DELIVERED AT A UNION MEETING HELD IN PINE STREET, NEW

YORK, December, 1860.

[The meeting at which this speech was made was called to consider the threatening aspect of affairs in the Southern portion of the Union, and was composed of leading and influential citizens of the city and State. It was one of the many vain attempts made at that stage of the national crisis to devise some means of averting the impending disasters.]

I CAME here, Mr. Chairman, without intending to take part in this meeting, because invited here; for, although I have little faith in anything that can be done at this moment, I would not stay away from a meeting called as this has been, and looking to such great and beneficent objects. I would not stay away if there was the least hope that anything could be accomplished. I have nothing new to say upon this subject; nothing more than I have said before, through a long course of years. I have seen the seed planted; I have seen the sprout shoot up in rank, luxuriant growth and overshadow the whole land; and it has finally produced its crop of terrible and poisonous fruit. We are upon perilous times, and it becomes the duty of every patriot, every individual who loves his country, to put forth every energy within his power for the purpose of averting not merely the danger that threatens, but the danger that is upon us.

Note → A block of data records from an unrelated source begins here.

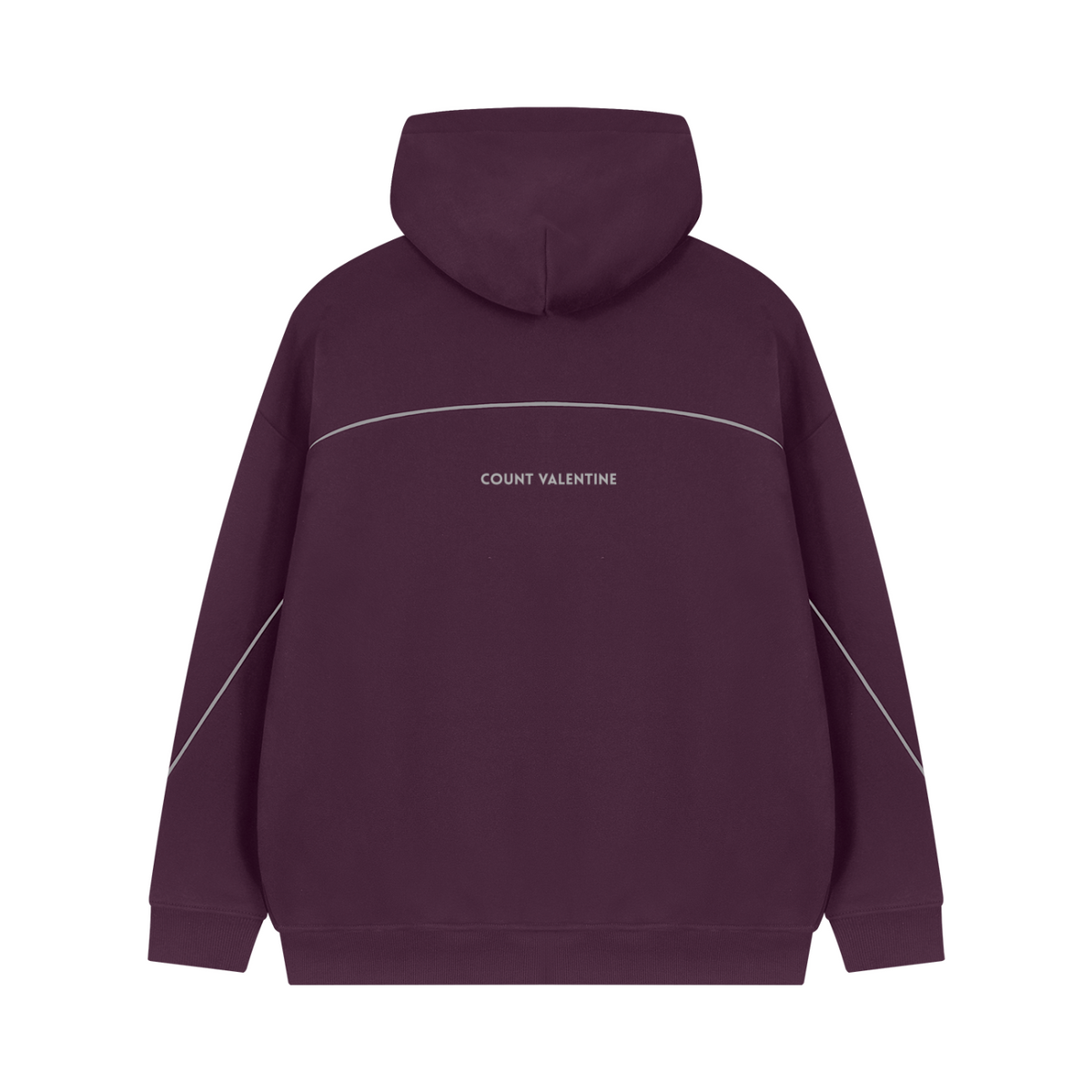 Unisex Oversized Piping Fleece Hoodie - Dark Purple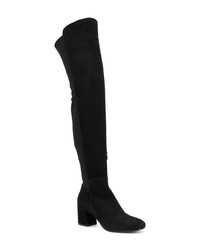 schwarze Overknee Stiefel aus Wildleder von Le Silla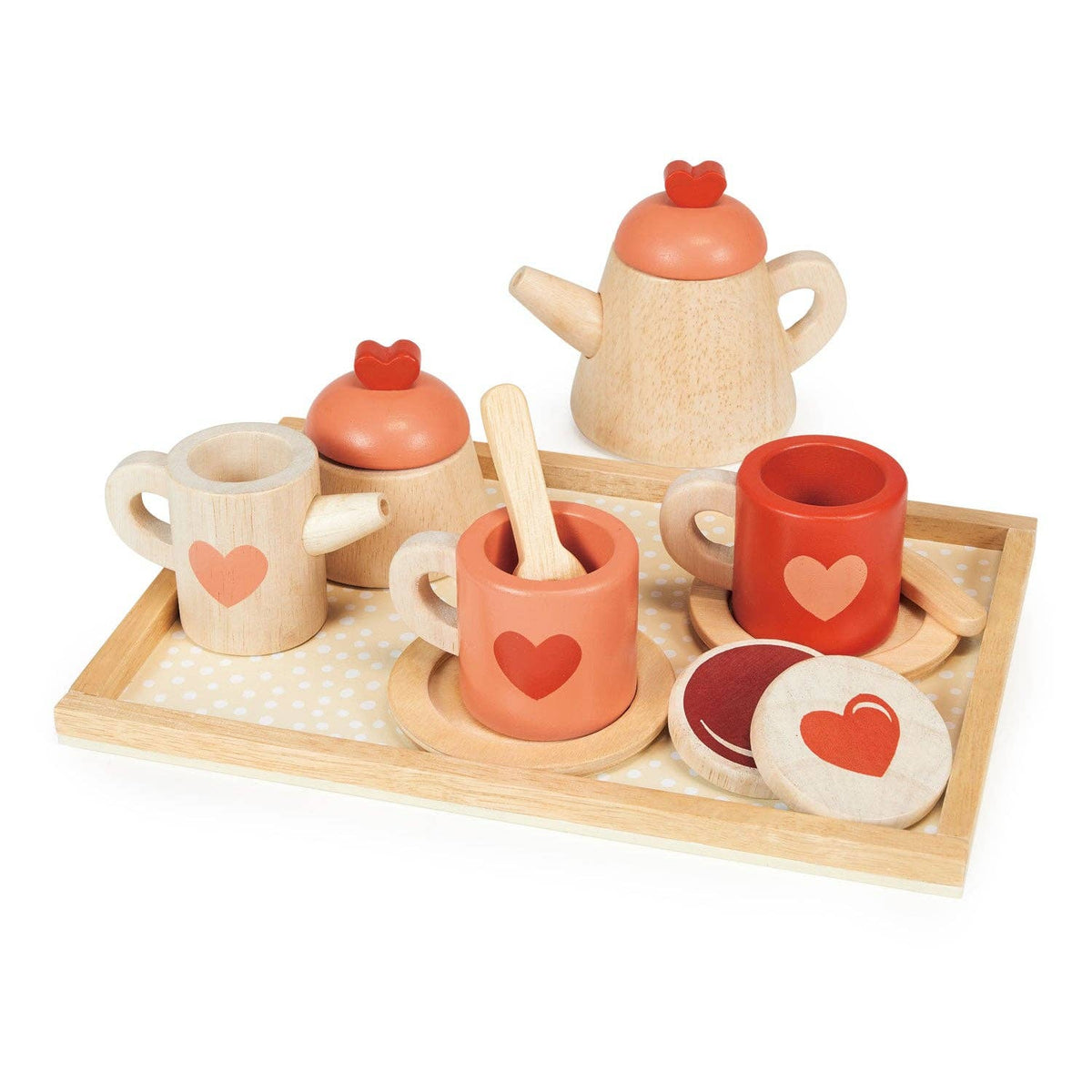 Mentari Toys Wooden Tea Time Tray Set - Pretend Play - Ages 3+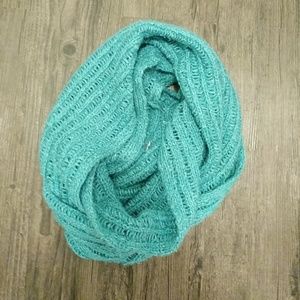 Aqua Blue Knit Infinity Scarf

In other days I had the honor to be associated with that somewhat eccentric, but pure and elevated statesman, Calhoun; he has gone to his rest and his reward; and Henry Clay-who looked upon this Union with a solicitude scarcely less anxious than that the Saviour of men bestowed upon Jerusalem he is not here now to take part in the affairs of the day; and if this Union is to be dissolved, as I religiously fear,

heaven, in mercy, has granted the prayer of the immortal Webster, that when his eyes last beheld the sun in heaven, it might not shine upon the fragments of a dissevered Union. From New York, and from most of the Northern States, every individual who thought as I did in former times of peril has retired to private life, and their names have been supplied and their seats filled by those of diametrically opposite opinions.

"But more true joy Marcellus exiled feels,

Than Cæsar, with the Senate at his heels."

This union of States did not repose at other times and does not repose to-day solely upon paper laws and paper Constitutions. It was founded in mutual friendship and regard and common interests, and these fraternal feelings and common motives are necessary for its continuance. They form its lifeprinciple, and when they cease to exist, what remains is but a body without the animating spirit; a shadow without the substance; a delusion and a mockery. All the paper laws we have ever enacted or can pass in the future; all the force and strength and power of the Constitution; the mandates of the National Legislature; the adjudication of the federal courts; the authority of the Executive, with the assistance of the army and navy, are not worth a single rush to compel a State to discharge its duties and fulfil its relations faithfully as a State of the Union when it elects to do otherwise. The federal government has no power over a State as such, except to admit it to the Union. If it refuses to send Senators and Representatives to Congress, no earthly power can compel it to do so. Whatever may be its duty, its full allegiance as a State can only be secured to the federal Constitution because it chooses to fulfil its obligations to the federal head and the sisterhood of States according to the requirements of the Constitution. The authority which the federal government may exercise over States, is the assertion of its own peculiar, and, for many purposes, paramount jurisdiction over the territory and people, and not over the State as a political organization. Should a State resist the lawful authority of the gov ernment of the Union, and arm its people or any portion of them against it, it would be not only the right but the duty

of the government to take armed possession of its territory, bring to condign punishment every transgressor, and subjugate every disloyal element. To this extent and in this sense, upon occasion of revolt and resistance, the territory of a State might be seized and its disloyal people punished and subjugated, but in no other; and in no other manner can a State defying the federal Constitution be punished. But what heart does not revolt at such a prospect and such a remedy?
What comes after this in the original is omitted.